С крыльца спустился Филатыч в красной распоясанной рубахе и с рубанком в руках. Не выпуская рубанка, свободною ладонью он ощупал на спине Зорьки войлочный потник, проверил, удобно ли потник положен, подергал тугой ремень чересседельника, посмотрел на лужи, на солнышко.
— Теплынь! Надо бы нынче к ручью самому съездить. Как бы не располоводилось, не разлилось… Ты, Дмитрий, вот что: ты на лед нынче лошадь не загоняй, а встань с бочкой на берегу. Понял? Ну вот и ладно… Ну вот и езжайте. Завтра проверю сам, а сегодня рамы чиню — времени нет.
Саша с Егорушкой бросили ведра в сани, вскарабкались верхом на бочку; Митя радуясь, что едет за главного, без Филатыча, громко чмокнул губами, и Зорька легко, рысцой понесла сани по дороге.
Водовозная дорога сразу от школы уходила в лес. Она ныряла под мощные корабельные сосны, и снег под соснами был еще по-зимнему чист и крепок. В лесу держалась прохладная тень, но там, где прямые, с темно-коричневыми, словно пригорелыми, низами деревья разбегались просторней, там во всю тенькали синицы. В голубом прогале неба ласково и призывно кýркал одинокий ворон. А еще выше, в самой бездонной синеве, громадились белыми башнями невесомые, почти неподвижные облака.

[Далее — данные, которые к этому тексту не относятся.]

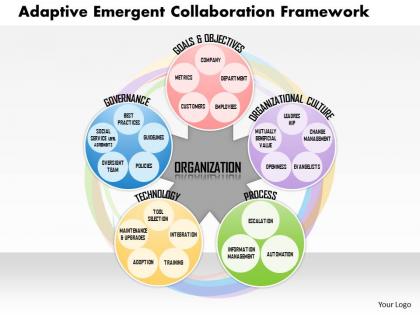 Adaptive emergent collaboration powerpoint presentation slide template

— Шарман! — сказал, сидя на бочке и задрав кверху голову, Саша, и это должно было означать по-французски: «Красота!»
А Егорушка тоже огляделся, потянул носиком сосновый воздух, распахнул еще шире и так всегда изумленные, в длинных ресницах, ореховые глаза и сказал:
— Хорошо-то как…
Потом подумал и добавил:
— А у меня завтра день рождения!
Митя, стоя в передке саней и придерживая обеими руками вожжи, сразу обернулся:
— Сочиняешь, Егорушка? Опять?
Митя хорошо знал за Егорушкой такой грех. Егорушка попал в интернат совсем маленьким, не помнил, когда у него настоящий день рождения, а справить этот день ему очень хотелось, и малыш придумывал его себе на каждой неделе чуть ли не по три раза.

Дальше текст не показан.